Vera dokończyła pić, wymieniła spojrzenia z Kay i wyszła, żeby poczekać na nas w samochodzie. Patrzyłem, jak kroczy z kamienną twarzą, jak przechodzi przez drzwi przytrzymywane z kpiarską galanterią przez uprzejmego piwosza, wysuwającego ramię, żeby podeprzeć damę.
– Humorzasta osóbka – powiedziałem. – Pewnie tęskni za Ministerstwem Obrony. Tyle tam miała paskudnych zabawek.
– Lubię ją. – Kay zdarła górną kartkę z podkładki do papieru – Jest słodka. Pełnej krwi socjopatka domowego chowu. Opowiedziała ci swoją zabójczą historię?
– Zła macocha i zestaw małego chemika? Potrząsała mi tym przed oczami.
– Sprawdźmy, czy dobry z ciebie psycholog. Mówiła prawdę?
Zawahałem się, przypominając sobie porozumiewawczy uśmieszek Very.
– Tak.
– Masz rację… Postanowili nie ścigać tej zbrodni. Tak niebezpieczne dziecko powinno być przydatne dla społeczeństwa. – Kay wreszcie się odprężyła.
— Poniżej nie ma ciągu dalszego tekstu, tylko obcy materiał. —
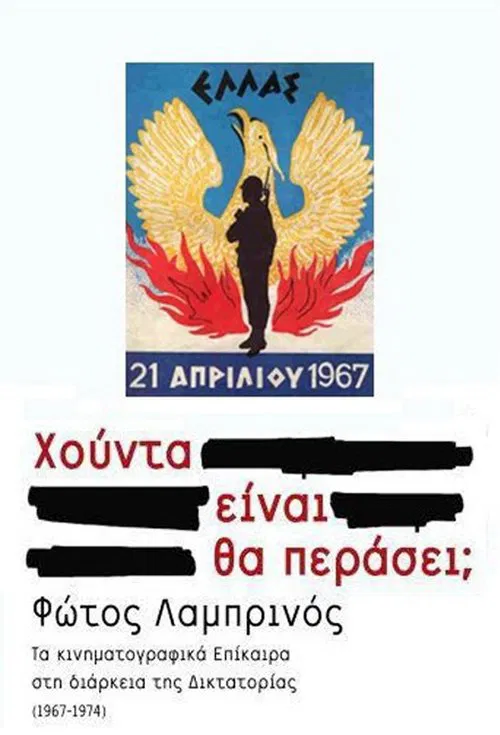 Πανόραμα μιας επταετίας: Χούντα είναι. Θα περάσει; tv show poster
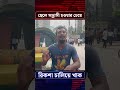 ছেলে সন্ত্রা’সী হওয়ার চেয়ে রিকশা চালিয়ে খাক shorts shortsvideo shortsyoutube quotamovement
Wzięła mnie za rękę. – Cieszę się, że wróciłeś. Potrzebujemy ludzi, którzy nie są omotani swoją własną małą nienawiścią.
– Nie byłem pewien, czy chcę wrócić. Ale w Chelsea Marina coś się dzieje i muszę być przy tym.
– Nie zapomnij o nas. To popołudnie troszeczkę przypominało farsę; wiem, że tego nie pochwalasz. Mimo to jesteś bardziej zaangażowany, niż ci się wydaje. – Zeszła ze stołka i obciągnęła spódnicę, uśmiechając się do piwoszy. – No, jeszcze ostatnia wizyta, a potem prosto do gorącej kąpieli – możesz mi wyszorować plecy, Davidzie…
Ruszyliśmy, Vera prowadziła wieczornymi ulicami. Twickenham przemieniło się w telewizyjne przedmieście, w którym niebieskie ekrany jarzą się w salonach bungalowów, a nastolatki przygotowują się w sypialniach na wyjście do klubów. Przejechaliśmy obok małego supermarketu, obsługującego okoliczne domy, zaparkowaliśmy na zjeździe, o trzydzieści metrów od wypożyczalni wideo.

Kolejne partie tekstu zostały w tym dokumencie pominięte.